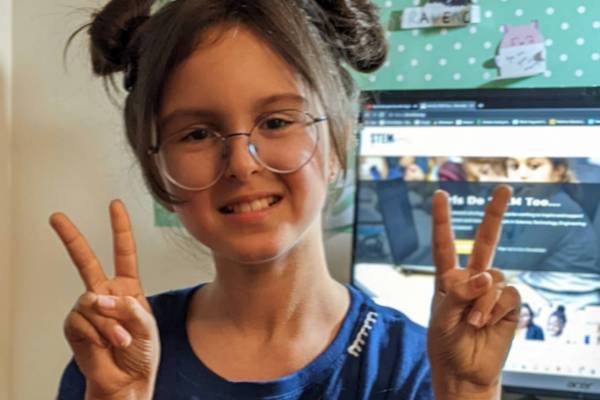 Soraya is posing with two peace signs in front of her computer screen. She has two buns in her hair and wears glasses and a blue t shirt.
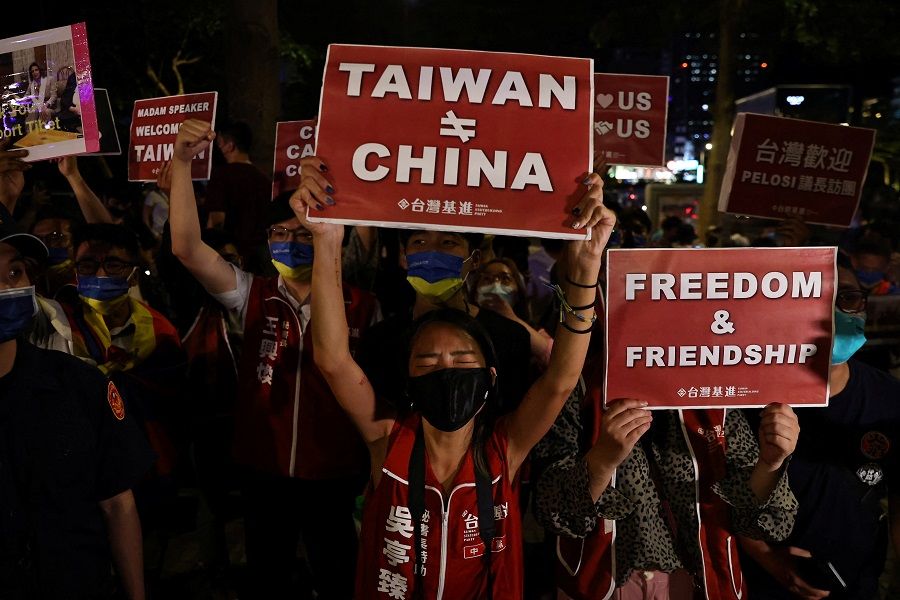 Demonstrators hold signs during a gathering in support of US House Speaker Nancy Pelosi's expected visit, in Taipei, Taiwan, 2 August 2022. (Ann Wang/Reuters)
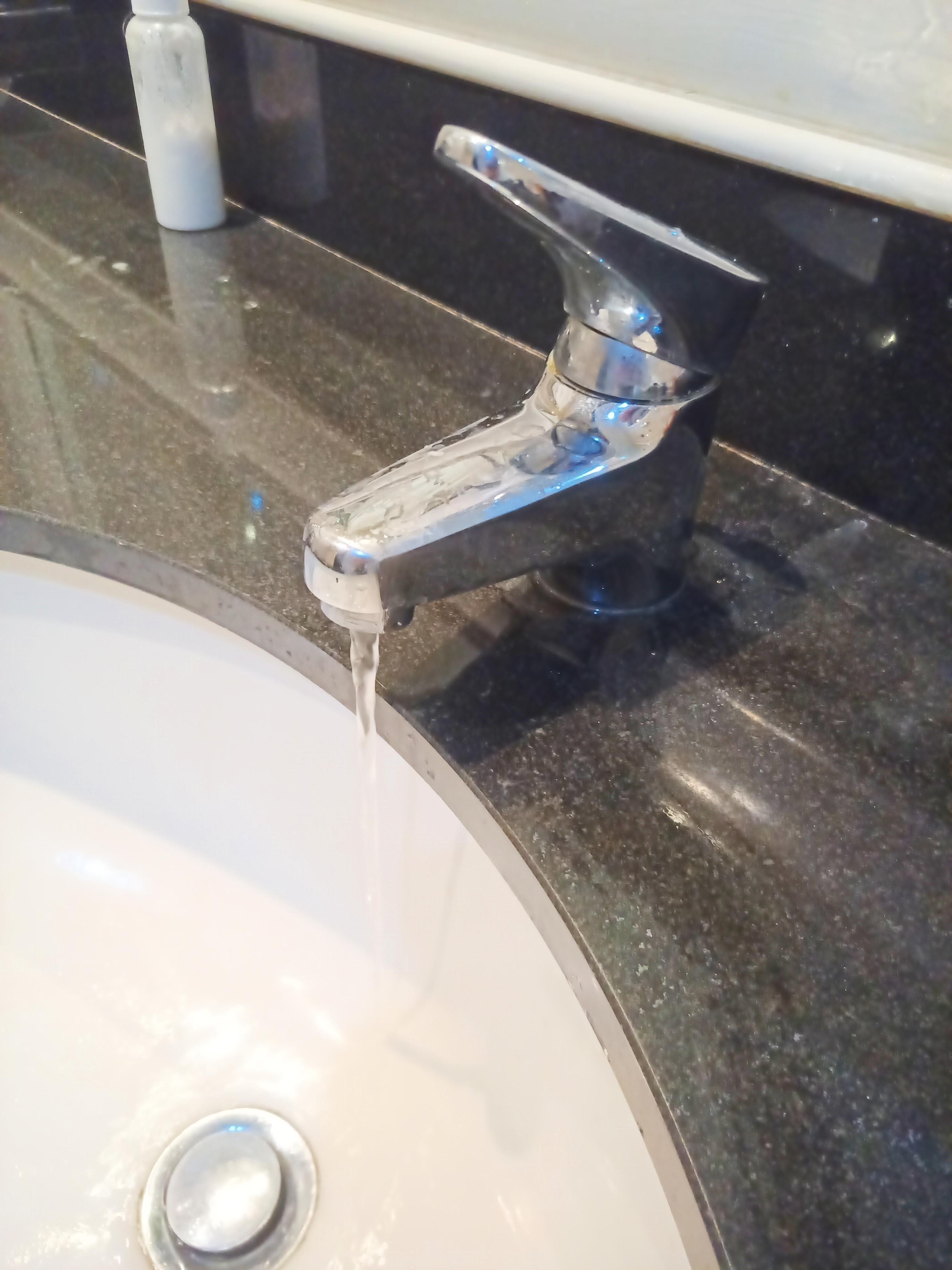 Bathroom sink tap at full blast.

__What to work on__
Restate the whole of the material word for word without the pictures.

__Solution to the problem__
 Soraya is posing with two peace signs in front of her computer screen. She has two buns in her hair and wears glasses and a blue t shirt.
 Demonstrators hold signs during a gathering in support of US House Speaker Nancy Pelosi's expected visit, in Taipei, Taiwan, 2 August 2022. (Ann Wang/Reuters)
 Bathroom sink tap at full blast.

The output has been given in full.